Lecture outlines value of architects

Ganit Mayslits Kassif emphasized the importance of purpose behind design in her lecture. | Mary Curtis/The Daily Cougar

Israeli architect Ganit Mayslits Kassif channeled some heroic inspiration during a lecture at the Gerald D. Hines Architecture theatre on Tuesday.

“With great power comes great responsibility,” said Mayslits Kassif, concerning the importance of environmental involvement in architectural design.

Considered one of the leading architects in Israel, Mayslits Kassif and her eponymous Mayslits Kassif Architecture firm have received numerous recognitions from around the world.

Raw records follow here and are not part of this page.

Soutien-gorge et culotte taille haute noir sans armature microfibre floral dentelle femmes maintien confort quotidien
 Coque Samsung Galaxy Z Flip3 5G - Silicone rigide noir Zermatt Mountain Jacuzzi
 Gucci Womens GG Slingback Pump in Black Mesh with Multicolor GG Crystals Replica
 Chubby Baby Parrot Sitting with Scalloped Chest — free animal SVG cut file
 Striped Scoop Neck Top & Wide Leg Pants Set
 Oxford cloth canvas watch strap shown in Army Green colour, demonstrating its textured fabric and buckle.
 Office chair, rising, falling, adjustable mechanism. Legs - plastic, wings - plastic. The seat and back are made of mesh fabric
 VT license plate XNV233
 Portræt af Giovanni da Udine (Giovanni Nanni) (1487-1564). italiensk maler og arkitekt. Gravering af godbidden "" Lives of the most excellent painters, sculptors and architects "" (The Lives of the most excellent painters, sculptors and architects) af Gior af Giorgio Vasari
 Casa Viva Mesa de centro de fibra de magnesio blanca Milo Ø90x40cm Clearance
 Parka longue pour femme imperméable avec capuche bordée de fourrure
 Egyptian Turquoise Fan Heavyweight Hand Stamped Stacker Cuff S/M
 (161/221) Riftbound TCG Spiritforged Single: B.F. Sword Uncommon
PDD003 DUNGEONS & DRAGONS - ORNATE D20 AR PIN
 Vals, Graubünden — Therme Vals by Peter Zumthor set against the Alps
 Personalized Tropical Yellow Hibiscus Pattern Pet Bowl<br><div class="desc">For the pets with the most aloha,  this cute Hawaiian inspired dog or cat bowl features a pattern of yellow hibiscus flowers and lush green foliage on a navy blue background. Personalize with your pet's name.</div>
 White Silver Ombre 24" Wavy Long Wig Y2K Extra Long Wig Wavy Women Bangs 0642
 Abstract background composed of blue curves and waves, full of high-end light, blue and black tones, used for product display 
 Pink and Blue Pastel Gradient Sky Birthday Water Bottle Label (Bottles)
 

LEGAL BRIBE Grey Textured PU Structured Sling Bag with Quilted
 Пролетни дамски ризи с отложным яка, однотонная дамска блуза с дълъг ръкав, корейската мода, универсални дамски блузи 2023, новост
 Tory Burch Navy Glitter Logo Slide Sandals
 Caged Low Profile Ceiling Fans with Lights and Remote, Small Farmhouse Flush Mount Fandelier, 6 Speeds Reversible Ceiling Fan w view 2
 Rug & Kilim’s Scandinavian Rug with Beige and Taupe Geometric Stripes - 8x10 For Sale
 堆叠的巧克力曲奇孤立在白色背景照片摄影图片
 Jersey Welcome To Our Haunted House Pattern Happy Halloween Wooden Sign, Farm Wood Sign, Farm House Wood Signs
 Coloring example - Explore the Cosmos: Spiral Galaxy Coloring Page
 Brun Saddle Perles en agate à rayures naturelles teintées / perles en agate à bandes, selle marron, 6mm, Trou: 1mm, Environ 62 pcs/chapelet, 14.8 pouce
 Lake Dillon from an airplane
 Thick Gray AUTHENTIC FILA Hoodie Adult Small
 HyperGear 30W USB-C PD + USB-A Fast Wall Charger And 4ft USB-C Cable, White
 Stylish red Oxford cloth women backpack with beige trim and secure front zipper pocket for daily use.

She opened the lecture by addressing a well-known concern of global warming and what responsibilities are held by those in the architecture profession when planning to fill up a space.

“We need to fully understand the power that we have in our visions; the impact that our lines (of design) are carrying with them,” Mayslits Kassif said. “I always say to my students that they should treat their lines with great care — because we are in this very special profession that our lines are turning into a reality that other people live in.”

Although many elements of architecture may go unnoticed, Mayslits Kassif explained that a great deal of thought should be given to the purpose of each design.

“There’s a need to rethink our role as architects, our tools and our scope in order to lead the environment,” she said.

In another part of her presentation, Mayslits Kassif described the process of designing a dock as a public space. Though some consider the project simple, Mayslits Kassif said, a number of considerations are taken into account during the design process. Criteria such as making interactive spaces and accommodations to the public are crucial.

“Every piece of public space is a vital resource,” Mayslits Kassif said.

She also used the University Center as an example of a design with socializing purposes, explaining that the structure is always filled with students because its was designed to be an interactive space.

Throughout campus, she continued, there is a strategy behind each element — every fountain, art sculpture, flowerbed and bench is put into place with a purpose.

Mayslits Kassif also gave guidance to all students pursuing a profession in architecture and said the environmental ideas should continue to evolve as young professionals join the field.

“I think if we want to lead the environment, we have to be multidisciplinary,” Mayslits Kassif said. For me, the exciting aspect of our profession is that we (her partner) both grow as initiators, strategists, developers and designers.”